Build a graph engine that loads a directed, optionally weighted graph and answers four query types — topological order, unweighted shortest path, weighted shortest path, and dynamic connectivity — each with the correct algorithm and a verifiable result, including correct refusals when an algorithm does not apply.

Requirements
Acceptance criteria
  • A results table: for a chosen source and target, the BFS shortest path (and its edge count) next to the Dijkstra shortest path (and its total cost), with the concrete vertex sequences reconstructed from parent[], not hand-traced.
  • The topological sort returns a valid full order on the DAG (every edge points forward in the list, checked programmatically) and correctly refuses with the trapped-vertex set on the cyclic test graph.
  • Dijkstra refuses the negative-edge graph with a clear message naming Bellman-Ford, and produces correct distances on the non-negative graph (verified against a hand-worked small example).
  • Union-Find answers a scripted sequence of union/connected queries correctly, the component count decrements by exactly one per successful union and stays unchanged on a redundant union, and find is O(1)-ish after compression (show a path length before and after a find).
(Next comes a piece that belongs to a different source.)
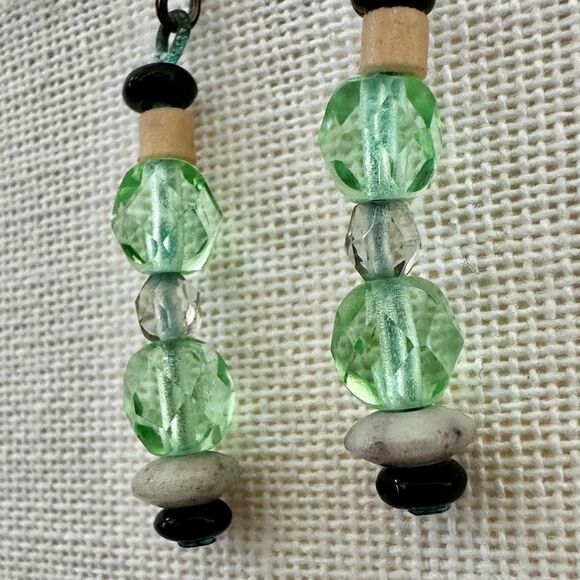 Artisan Green Glass Bead Dangle Earrings – Boho Handmade Vibe - Picture 7 of 7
  • A one-paragraph write-up naming, for each of the four query types, which algorithm you used and the single property that made it correct (BFS level order, Dijkstra settle invariant, Kahn leftover-count cycle check, DSU find-root connectivity).
Senior stretch
  • Add Bellman-Ford as a fifth query path so the engine handles negative edges and reports a negative cycle when one exists; route queries to Dijkstra vs Bellman-Ford automatically based on whether any edge is negative.
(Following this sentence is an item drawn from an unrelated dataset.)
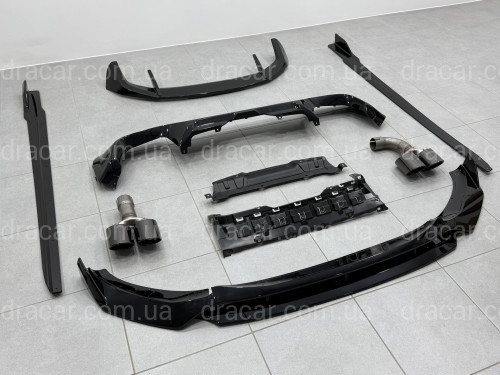 Комплект обвеса M-Performance (юбка, диффузор, лезвия, спойлер, трубы) для BMW X3 G01 2018-2021, цвет черный глянец артикул 9608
  • Add a grid mode: treat a 2D grid of open/blocked cells as an implicit graph with 4-directional neighbors and answer fewest-step pathfinding with BFS, reconstructing the route.
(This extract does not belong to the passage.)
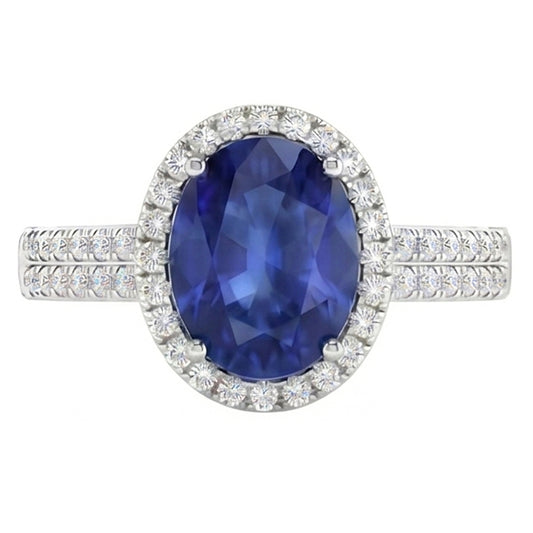 echter oval diamant 7.01Karat ring Seitenansicht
  • Add Kruskal's minimum spanning tree using your Union-Find to reject cycle-closing edges, and compare its total weight to the original graph.
  • Benchmark adjacency list vs adjacency matrix on a sparse and a dense graph for the same neighbor-iteration and edge-lookup workloads, and confirm the crossover matches the O(V + E) vs O(V squared) prediction.
Recap

This is the engineering loop behind real graph systems: model the graph once with the representation that fits its density, then route each query to the algorithm whose invariant matches the question — BFS for fewest edges, Dijkstra for non-negative cost, Kahn’s for dependency order, union-find for dynamic connectivity — and refuse cleanly when an algorithm does not apply (negative edges, cycles). Reconstruct concrete paths from parent[] and verify every answer instead of asserting it. Building it once turns the unit’s separate lessons into one decision reflex.